Would you output all the lines below precisely as they stand, leaving each picture out?

Collected material:
+ + + + + + +
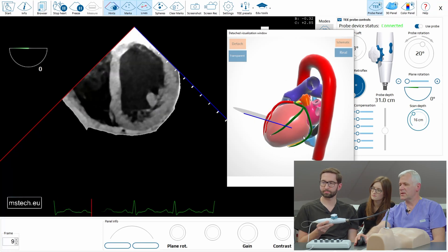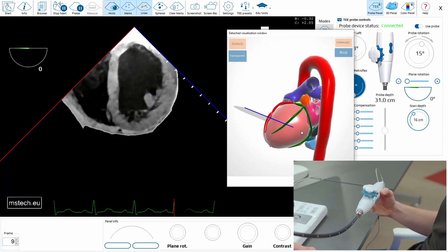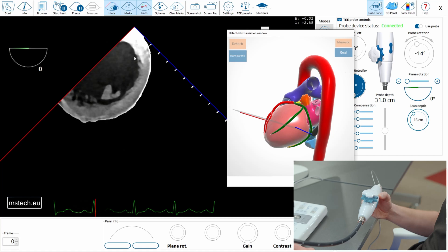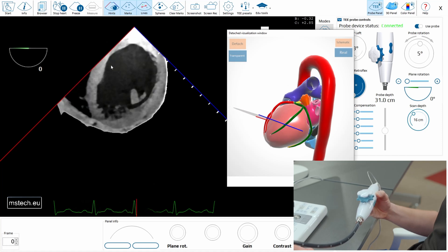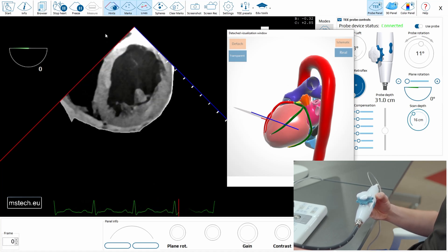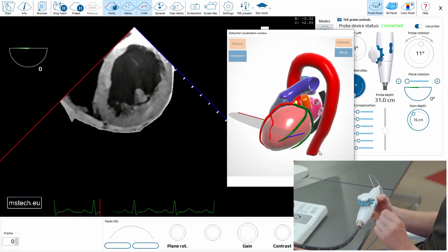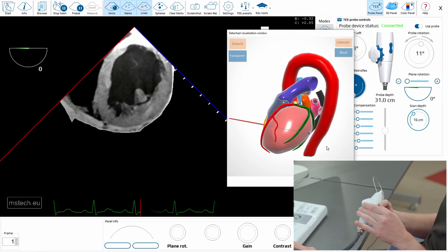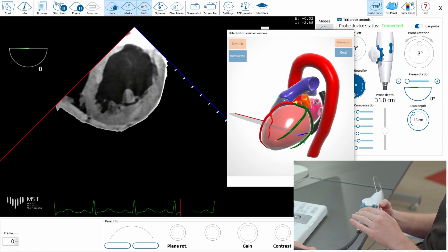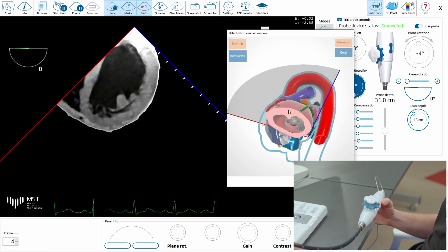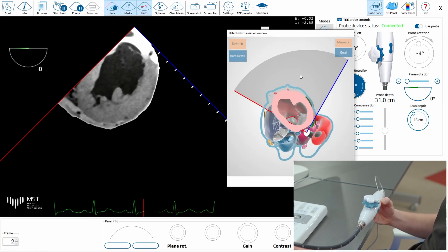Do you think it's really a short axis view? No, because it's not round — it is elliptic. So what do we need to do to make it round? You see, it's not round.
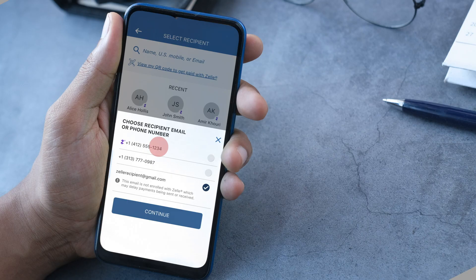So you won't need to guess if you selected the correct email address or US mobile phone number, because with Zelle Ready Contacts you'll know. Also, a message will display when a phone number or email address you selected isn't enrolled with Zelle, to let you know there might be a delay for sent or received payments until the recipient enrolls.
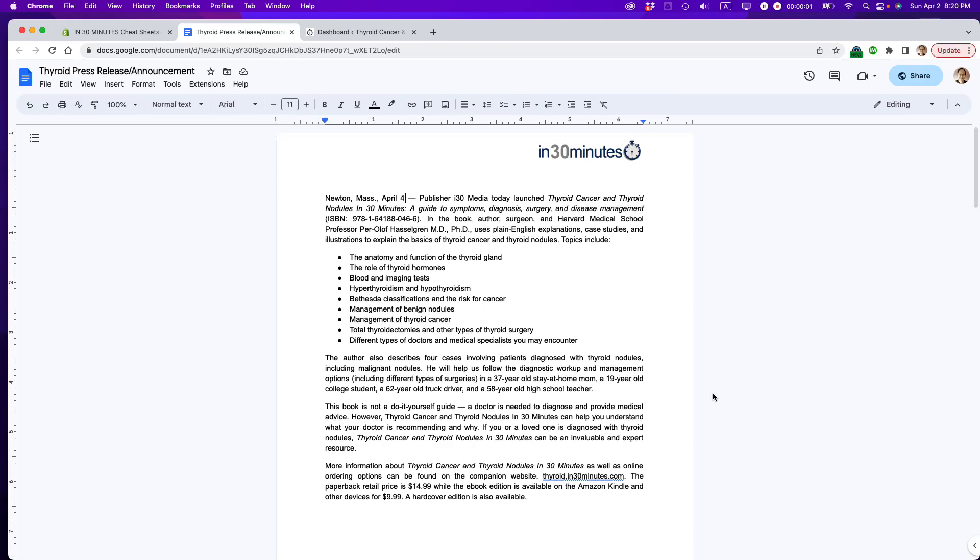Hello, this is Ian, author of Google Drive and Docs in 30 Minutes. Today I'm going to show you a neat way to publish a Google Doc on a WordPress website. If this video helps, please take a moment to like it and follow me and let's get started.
+ + + + + + +
Task answer:
Do you think it's really a short axis view? No, because it's not round — it is elliptic. So what do we need to do to make it round? You see, it's not round.
So you won't need to guess if you selected the correct email address or US mobile phone number, because with Zelle Ready Contacts you'll know. Also, a message will display when a phone number or email address you selected isn't enrolled with Zelle, to let you know there might be a delay for sent or received payments until the recipient enrolls.
Hello, this is Ian, author of Google Drive and Docs in 30 Minutes. Today I'm going to show you a neat way to publish a Google Doc on a WordPress website. If this video helps, please take a moment to like it and follow me and let's get started.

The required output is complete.